In the photo here you can clearly see that the bottom side of the outlet face has a crack in it. Eventually, this piece of plastic could fall out completely and expose the metal contact points inside the outlet. Cracked faces also can expose the user to loose terminals and loose connection points for the cords that plug into them. All of these hazards present a shock risk and a potential fire hazard.

Cracked Covers

The outlet cover plate is an important safety device because it covers everything in the electrical box, including the electrical terminals (screws) on the sides of the outlet and the bare ends of the circuit wires. Touching these can give you a powerful shock. Cover plates also help to stabilize the outlets. When a cover is cracked the outlet can move more than it should. This can lead to loose wires and premature wear on the outlet. 

Outlet Body

If the plastic body or backplate of the outlet is cracked, the wiring and inner contacts can be exposed within the electrical box and cause a short circuit.
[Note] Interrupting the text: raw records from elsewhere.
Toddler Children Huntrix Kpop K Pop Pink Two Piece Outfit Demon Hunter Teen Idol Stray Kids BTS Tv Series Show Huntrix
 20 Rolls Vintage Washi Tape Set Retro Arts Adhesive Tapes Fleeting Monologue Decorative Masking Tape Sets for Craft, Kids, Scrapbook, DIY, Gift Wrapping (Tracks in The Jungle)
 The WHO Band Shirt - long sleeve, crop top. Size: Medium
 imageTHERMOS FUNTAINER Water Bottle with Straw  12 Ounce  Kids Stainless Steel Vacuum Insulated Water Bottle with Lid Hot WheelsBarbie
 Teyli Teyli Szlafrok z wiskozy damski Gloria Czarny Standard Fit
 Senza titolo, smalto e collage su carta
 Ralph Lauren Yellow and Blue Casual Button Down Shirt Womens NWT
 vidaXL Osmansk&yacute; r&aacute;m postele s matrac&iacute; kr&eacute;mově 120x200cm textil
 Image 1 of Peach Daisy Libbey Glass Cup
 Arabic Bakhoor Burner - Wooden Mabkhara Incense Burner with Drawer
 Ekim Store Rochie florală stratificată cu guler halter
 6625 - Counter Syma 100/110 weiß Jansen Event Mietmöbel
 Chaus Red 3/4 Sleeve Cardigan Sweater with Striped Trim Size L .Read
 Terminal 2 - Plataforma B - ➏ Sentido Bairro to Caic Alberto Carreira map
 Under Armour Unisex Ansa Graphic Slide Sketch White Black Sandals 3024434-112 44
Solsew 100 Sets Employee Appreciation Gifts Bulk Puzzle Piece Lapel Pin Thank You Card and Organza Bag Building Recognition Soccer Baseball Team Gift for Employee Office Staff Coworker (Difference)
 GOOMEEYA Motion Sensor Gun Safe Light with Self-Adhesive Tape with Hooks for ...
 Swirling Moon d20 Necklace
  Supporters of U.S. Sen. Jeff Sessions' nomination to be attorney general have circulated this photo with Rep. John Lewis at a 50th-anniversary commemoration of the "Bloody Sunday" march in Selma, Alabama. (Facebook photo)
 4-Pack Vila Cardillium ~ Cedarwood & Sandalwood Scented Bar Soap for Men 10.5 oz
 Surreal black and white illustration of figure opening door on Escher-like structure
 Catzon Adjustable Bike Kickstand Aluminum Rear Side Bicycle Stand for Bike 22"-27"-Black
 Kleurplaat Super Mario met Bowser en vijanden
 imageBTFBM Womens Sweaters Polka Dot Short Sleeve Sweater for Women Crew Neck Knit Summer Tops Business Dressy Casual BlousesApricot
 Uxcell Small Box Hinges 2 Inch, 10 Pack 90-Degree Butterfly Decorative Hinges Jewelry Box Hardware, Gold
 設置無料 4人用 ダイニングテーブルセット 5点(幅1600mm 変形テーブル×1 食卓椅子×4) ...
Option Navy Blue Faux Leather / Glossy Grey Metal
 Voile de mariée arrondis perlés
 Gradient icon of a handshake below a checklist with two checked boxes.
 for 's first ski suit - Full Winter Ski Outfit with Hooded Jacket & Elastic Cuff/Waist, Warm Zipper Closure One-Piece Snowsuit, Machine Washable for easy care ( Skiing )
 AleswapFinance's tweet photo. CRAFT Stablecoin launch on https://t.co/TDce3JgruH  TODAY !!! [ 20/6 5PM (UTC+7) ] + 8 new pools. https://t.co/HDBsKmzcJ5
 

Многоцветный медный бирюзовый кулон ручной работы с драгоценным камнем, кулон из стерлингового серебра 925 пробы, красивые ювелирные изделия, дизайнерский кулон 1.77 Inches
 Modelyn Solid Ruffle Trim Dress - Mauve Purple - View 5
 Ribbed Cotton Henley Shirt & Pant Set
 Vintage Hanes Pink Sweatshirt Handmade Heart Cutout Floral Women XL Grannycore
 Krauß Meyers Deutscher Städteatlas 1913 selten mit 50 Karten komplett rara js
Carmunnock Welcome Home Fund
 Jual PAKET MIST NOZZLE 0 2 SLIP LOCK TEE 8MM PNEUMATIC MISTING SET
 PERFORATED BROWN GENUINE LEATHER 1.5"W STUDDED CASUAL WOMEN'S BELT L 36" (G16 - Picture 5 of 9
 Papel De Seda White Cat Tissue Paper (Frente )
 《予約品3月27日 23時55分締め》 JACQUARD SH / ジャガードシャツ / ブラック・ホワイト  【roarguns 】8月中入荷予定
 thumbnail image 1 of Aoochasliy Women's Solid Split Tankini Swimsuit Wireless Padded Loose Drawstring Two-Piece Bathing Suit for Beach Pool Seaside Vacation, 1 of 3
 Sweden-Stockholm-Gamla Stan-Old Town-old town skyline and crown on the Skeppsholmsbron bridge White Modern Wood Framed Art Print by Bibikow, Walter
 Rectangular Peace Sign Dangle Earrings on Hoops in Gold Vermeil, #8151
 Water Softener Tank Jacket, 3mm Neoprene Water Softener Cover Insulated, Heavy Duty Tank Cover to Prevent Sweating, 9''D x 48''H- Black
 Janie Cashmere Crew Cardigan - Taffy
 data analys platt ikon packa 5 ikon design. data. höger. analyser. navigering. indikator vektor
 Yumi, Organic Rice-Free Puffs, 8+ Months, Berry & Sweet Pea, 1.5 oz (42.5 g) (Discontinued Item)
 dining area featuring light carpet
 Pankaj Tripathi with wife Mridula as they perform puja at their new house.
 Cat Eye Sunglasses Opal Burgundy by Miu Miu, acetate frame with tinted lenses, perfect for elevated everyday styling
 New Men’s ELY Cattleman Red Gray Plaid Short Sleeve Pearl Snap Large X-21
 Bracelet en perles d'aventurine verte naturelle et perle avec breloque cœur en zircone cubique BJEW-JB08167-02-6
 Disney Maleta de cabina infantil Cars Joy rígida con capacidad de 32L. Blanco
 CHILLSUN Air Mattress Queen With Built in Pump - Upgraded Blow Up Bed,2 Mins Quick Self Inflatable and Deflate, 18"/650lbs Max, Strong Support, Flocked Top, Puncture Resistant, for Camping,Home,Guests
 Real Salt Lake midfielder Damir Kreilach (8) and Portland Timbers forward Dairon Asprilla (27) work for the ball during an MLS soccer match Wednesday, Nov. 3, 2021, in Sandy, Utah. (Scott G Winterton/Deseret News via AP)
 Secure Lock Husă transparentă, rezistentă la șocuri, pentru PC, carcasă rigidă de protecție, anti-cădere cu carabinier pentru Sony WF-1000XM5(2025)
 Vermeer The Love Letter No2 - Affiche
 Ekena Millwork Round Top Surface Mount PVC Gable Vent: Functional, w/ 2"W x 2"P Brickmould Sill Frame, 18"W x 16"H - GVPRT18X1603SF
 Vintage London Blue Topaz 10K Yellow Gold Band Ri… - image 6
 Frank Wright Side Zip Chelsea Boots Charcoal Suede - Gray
If the box is metal, often the hot wire shorts out on the box and trips the breaker, rendering the circuit off. Although, this is after sparks have flown and there is a loud "pop" before the circuit trips. If you happen to be touching the box at the time, you'll get a shock, too. Loose wires in any type of box or anywhere in an electrical circuit presents a serious fire risk.


Loose Outlets

Whether due to cracks in the outlet face or simply wear and tear, outlets that don't hold cords securely are another common problem. What this means is that the electrical contacts within the outlet have lost their tension and fail to hold the prongs on the plug. When a cord is plugged into an outlet, it should hold the cord tightly without hanging or falling out of the outlet. A plug that has slipped partway out is really dangerous because the plug prongs are exposed while they are energized.  

Replace Damaged Outlets

If you have a bad outlet, don't hesitate to replace it with a new one. Wiring an outlet isn't all that hard to do yourself. You may also have a GFCI (ground-fault circuit interrupter) outlet that needs replacing. GFCIs are also an easy replacement and are an important part of safety in your home.